Runoff and tail coverage terms generally turn on whether the claims are based on conduct before or after the transaction’s effective date, but as the GlassHouse Technologies case shows, policyholders should not assume that the terms and conditions of those coverages will remain the same. The dispute in GlassHouse Technologies involved a broker’s alleged errors in procuring tail coverage in connection with sale of GlassHouse’s U.S. consulting business, which the broker viewed as potentially triggering the change in control provision in GlassHouse’s existing D&O policy. To avoid any gap in coverage for pretransaction conduct, GlassHouse purchased tail coverage by endorsing the policy, but as GlassHouse later learned, the tail coverage endorsement not only extended the reporting period for several years, it also reduced the limits for the remainder of the initial policy period from $15 to $5 million. As a result, when one of GlassHouse’s creditors asserted claims against the company’s directors and officers shortly after closing during the initial policy period, those claims were subject to substantially reduced limits. The parties became embroiled in litigation regarding the actions of the broker in modifying the existing limits as part of the tail coverage endorsement.
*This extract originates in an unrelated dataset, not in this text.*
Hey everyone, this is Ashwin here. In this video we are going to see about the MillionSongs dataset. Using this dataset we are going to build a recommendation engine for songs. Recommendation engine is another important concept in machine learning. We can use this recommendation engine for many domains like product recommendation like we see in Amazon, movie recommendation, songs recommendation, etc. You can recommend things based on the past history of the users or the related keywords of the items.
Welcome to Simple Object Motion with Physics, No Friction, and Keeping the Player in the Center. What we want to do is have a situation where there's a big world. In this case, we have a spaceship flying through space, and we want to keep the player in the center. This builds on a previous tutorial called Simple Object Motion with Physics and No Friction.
3. Preserve Existing Insurance Assets
A surviving entity might not assume all existing liabilities of the company it is acquiring. In structuring M&A deals, buyers and sellers alike should be aware of the potential adverse impact limited transfer of liability (or assets) may have on the surviving entity’s ability to access historic insurance assets or trigger coverage for legacy liabilities arising from pretransaction conduct. The right to claim coverage under legacy insurance policies may be extinguished if the liabilities of the policyholder were extinguished in a merger or acquisition.
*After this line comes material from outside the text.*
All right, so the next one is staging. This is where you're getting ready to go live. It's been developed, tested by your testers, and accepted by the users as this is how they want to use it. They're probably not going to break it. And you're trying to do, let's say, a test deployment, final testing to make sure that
The BCB Bancorp v. Progressive Casualty Insurance case illustrates this problem. In BCB, an insurance carrier withdrew its defense of a bank’s premerger shareholder class-action lawsuit on the grounds that the directors’ and officers’ rights under the policy terminated when the policyholder dissolved and was consolidated with the surviving entity via a statutory merger under New Jersey law. The court rejected the insurer’s argument based on the lack of an exclusion in the policy preventing transfer of rights to a surviving entity under the New Jersey merger statute. As the BCB case shows, the potential impact of M&A deals on D&O insurance depends not only on the policy language and terms and structure of the deal, but also on applicable state law. Another related issue is whether the insurance assets necessary to respond to a current or future claim were transferred in the deal.
4. Coverage for the Deal
Parties must assess a deal’s impact on existing and future insurance policies, but there also may be ways to mitigate risk by purchasing insurance coverage for the deal itself. The most common example of this is representation and warranty (R&W) insurance, which protects a buyer or seller from losses arising from inaccurate representations or warranties made by the seller or target companies during the merger, acquisition, asset sale, or other transaction. A buyer-side R&W insurance policy, for example, protects the purchaser by paying losses if the target company presents inaccurate information, such as by misrepresenting or failing to adequately disclose a particular liability. These protections can often fill in the gaps if a seller offers little or no seller indemnity in the deal and provide a useful alternative to the traditional indemnity protections. Other types of deal-specific insurance (such as an environmental policy for a particular liability) may be available to mitigate risk.
Takeaways
With all of these issues, the particular risks and potential protections afforded by D&O and other insurance policies are dependent on the terms of the deal, the existing or contemplated policy language, the type of claims giving rise to coverage, and numerous other individualized issues (e.g., financial resources, risk appetite, business needs, applicable state law, etc.). As the GlassHouse and BCB cases show, there is no one-size-fits-all approach or foolproof checklist when it comes to M&A deals and insurance. Involving experienced coverage counsel, however, can help address important insurance issues, mitigate risk, and maximize potential recoveries. The time to do that is early in the deal process before due diligence concludes, the parties become entrenched, and the pressure to close increases.